Gelen geçenin severek ve imrenerek, kimilerinin de kıskanarak baktığı gelin duvağı (begonvil) çiçeğimin altında oturuyorum komşumla. Evinin üç yanında da var aynısı; ama her birini asma ile çiftleştirdiğinden (!) çiçek yeterince gelişememiş, olan güzelliğini gösterememiş bir türlü. O nedenle benim çiçeğime, herkesin olduğu gibi onun da kaçınamadığı bir hayranlığı vardır. Her geldiğinde de, Sabahattin Ali’ nin “Görmesen bile denizi yukarıya çevir gözü” dizelerini söylermişçesine gözlerini gelin duvağının üzerinde gezdirir durur. O gün de aynı şeyi yaparken hayranlığını bir kez daha dile getirmek istedi ve “Sizin” diye başladığı sözünü “Bir kahramanlığınız yok bunun böyle olmasında”  diyerek bitirdi. Kahramanlık olarak değerlendirilecek bir şey olmasa da yine de bir şey yapmıştım. Ya da hiçbir şey yapmamıştım. Asma ile karıştırmamış, her yıl budayarak özgürlüğünü kısıtlamamıştım. Kahramanlık değilse de bir şeydi bu da. Hem de çok şey… Bu duruşuyla yaşamıma bir serinlik katıyor, yuvama güzellik veriyordu. Az şey değildi bunlar kuşkusuz.
Komşumun asıl söylemek istediği kahramanlık değildi kuşkusuz.
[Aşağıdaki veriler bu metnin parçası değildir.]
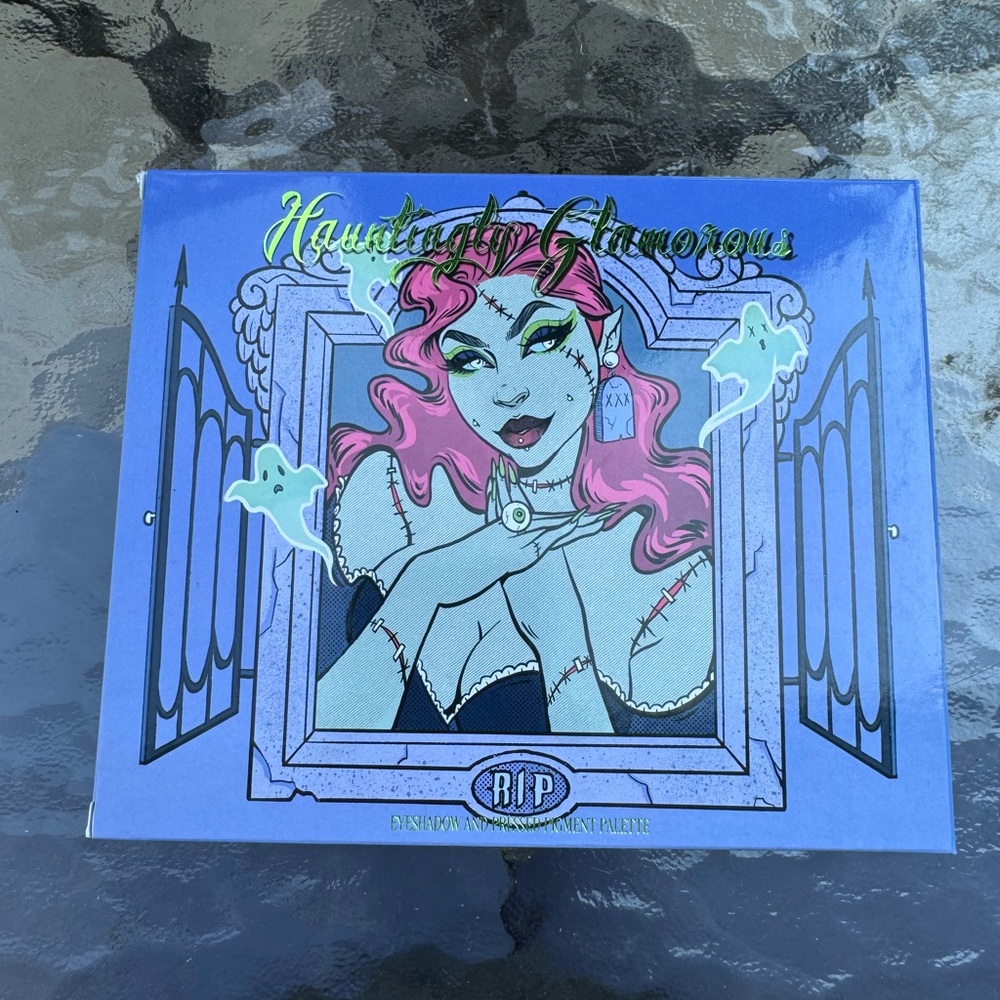 Alien Cosmetics Hauntingly Glamorous Eyeshadow Palette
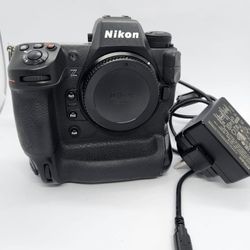 Nikon Z9 Body With Charger 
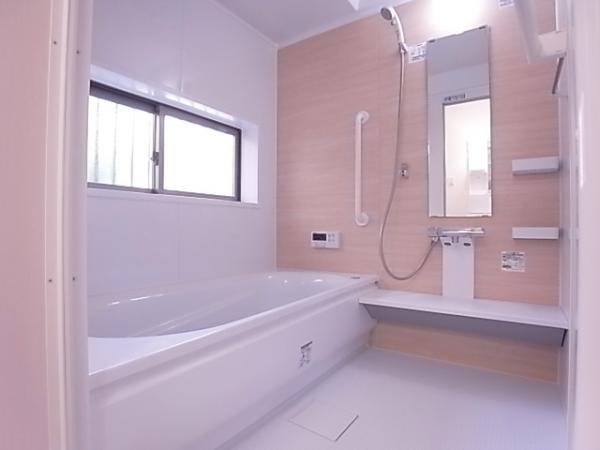 Same specifications photo (bathroom). Comfortable bath time with the bathroom dryer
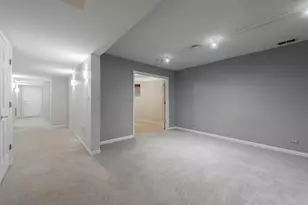 1017 W Dakin St, Chicago, IL 60613 - Photo 20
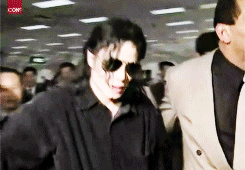 GIF su Michael Jackson. - Pagina 10 Tumblr_nh9es4pYO71ted8t2o1_250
Salt sözcüğü yanlış seçmişti, spor yorumcularının yaptığı gibi.  Belki beceri  diyecekti; ama daha çok da katkı demek istemiş olmalıydı. Ne ilginçtir ki komşumun yanlışlıkla söylediği bu sözcüğü günlük yaşamda kullanmadan da birilerini durup dururken çakma kahraman yaptığımız olur. Yere göğe sığdırmadığımız ulusal ayaktopu karşılaşmalarının en birincisinin ikinci haftasında bu tür kahramanlıklara tanık olduk yine. Daha önce ulusal takımın başındayken uluslararası düzeyde yeşil alanın dışına atılmış ve aynı şey kulüp takımının yönetimindeyken bir kez daha başına gelmiş adamı; hem de o yaptırımı veren kuruluş yeniden göreve getirerek adamı bir kez daha kahramanlaştırmış oldu. Ülkede kahraman (!) yapılacak başka hiç adam yokmuş ya da kalmamıştı sanki. Dedim ya kahraman yaratmaya aşırı bir düşkünlüğümüz var.  Ama asıl kahraman (!) o adamı o takımın başına getiren öbür adamdı bence.
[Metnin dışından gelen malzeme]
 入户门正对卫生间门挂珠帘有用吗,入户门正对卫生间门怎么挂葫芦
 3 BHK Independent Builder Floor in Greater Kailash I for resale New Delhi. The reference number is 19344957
Yine o ikinci haftada 16 yaşındaki bir oğlanın kahramanlaştırılması var bir de. Bu yaşında (!) en birinci ligde oynarken ulusal takımı çalıştırmakla yeniden görevlendirilen o kahramanın takımına gol atması çok büyütüldü. Oysa asıl büyütülmesi gereken o golü kendi atabilecekken ona attıran adamdı ve asıl kahraman o olmalıydı. Adam ayaktopunun olduğu denli insanlığın da ustası olmalıydı ki hiç düşünmeden o 16 yaşındaki oğlanın önüne topu koyuverdi. O da, benim bile yapmakta zorlanmayacağım yapılması gerekeni yaptı, topu boş kaleye yolladı. Oğlan görevini yapmıştı, diğeri de öyle. Ama diğeri görevini kendisi için de yapabilirdi. Ne ki o işini seviyordu, ayaktopunu seviyordu, insanları seviyordu, birlikte bir şey yapmayı ve yaptırmayı, yardımlaşmayı seviyordu. Bunları sevdiği için kendini de seviyordu kuşkusuz. Kendini sevdiği için de bunları yapmıştı. Ve asıl kahraman oydu. Ama gel de bunları bizim insanımıza anlat.  
Gelin duvağının altında otururken nereye götürdün beni be komşu!